WASHINGTON (DTN) -- Nearest-delivery oil futures on the New York Mercantile Exchange and Brent crude on the Intercontinental Exchange settled Thursday's session with solid gains on the back of stronger-than-expected monthly jobs data out of the United States. However, the upside was tempered by higher-frequency weekly unemployment numbers showing permanent job losses rising and the unemployment rate stalling as parts of the country struggles with a massive coronavirus outbreak.
"The country never got the virus under the control," said Director of National Institute of Allergy and Infection Diseases Dr. Fauci during his congressional testimony this week. The number of new coronavirus infections has breached 40,000 a day, with fatalities also on the rise.
There are emerging signs the U.S. consumer is pulling back on spending, driving and going back to work. U.S. continued unemployment claims for last week -- the number of people receiving unemployment benefits for consecutive weeks -- rose to 19.29 million, nearly 300,000 above forecasts, suggesting permanent job losses are rising. Furthermore, traffic activity is taking a hit across new COVID-19 hotspots, with downtrend emerging in Texas, Florida and California. All three states are major centers for U.S. gasoline consumption.

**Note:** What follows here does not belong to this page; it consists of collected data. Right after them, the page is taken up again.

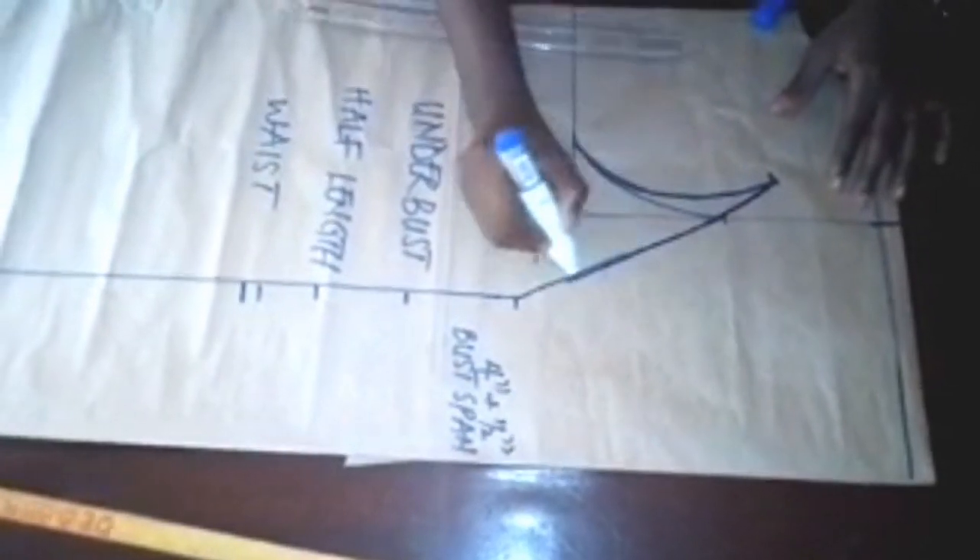This is how to draft your princess dart. Because our bust is not pointed but curved, you put your French curve there too and shape in that point so it won't look pointed by the time you sew.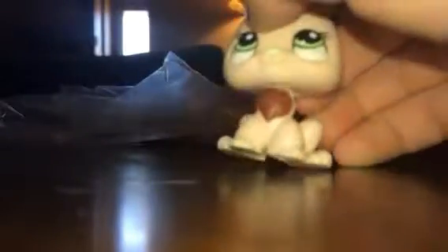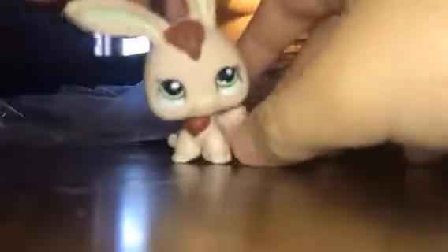Aww, this one is so cute. Oh my gosh, I love it! Because like, it snows and ears match its eyes. This is like one of the cutest LPS bunnies ever. And I love the way that these LPS walk.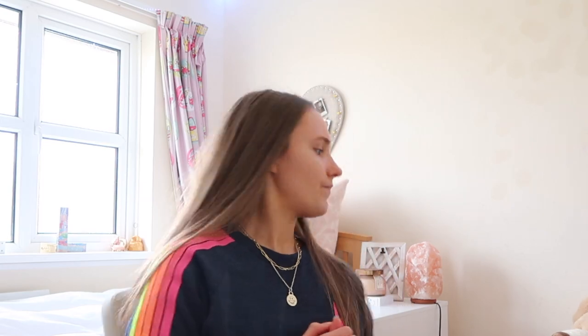Oh my god, my necklace — I just got this necklace, I want to show it off. I look pale, okay. Let me get into it. I need to find the packaging — oh my god, I hope I haven't thrown it in the bin. Here it is! So this is the bag that it came in. This was my first time ordering from this company and I've heard loads about them. I didn't realize that they shipped to England.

Underlining this trend, weekly inventory data showed demand for motor gasoline in the U.S. lower in the most recent week to 8.561 million barrels per day (bpd), about 10% lower than at the same time a year ago. Analysts mostly forecast continued gains of about 2% on the week.
Ministers from the Organization of the Petroleum Exporting Countries and allied producers are now carefully watching the second wave of infections, as it could severely dampen oil demand growth, according to Russian Energy Minister Alexander Novak. The group of 23 producers have yet to make a decision on whether to extend their 9.7-million-bpd cuts into August. Mr. Novak, however, believes OPEC+ should be able to ease those cuts.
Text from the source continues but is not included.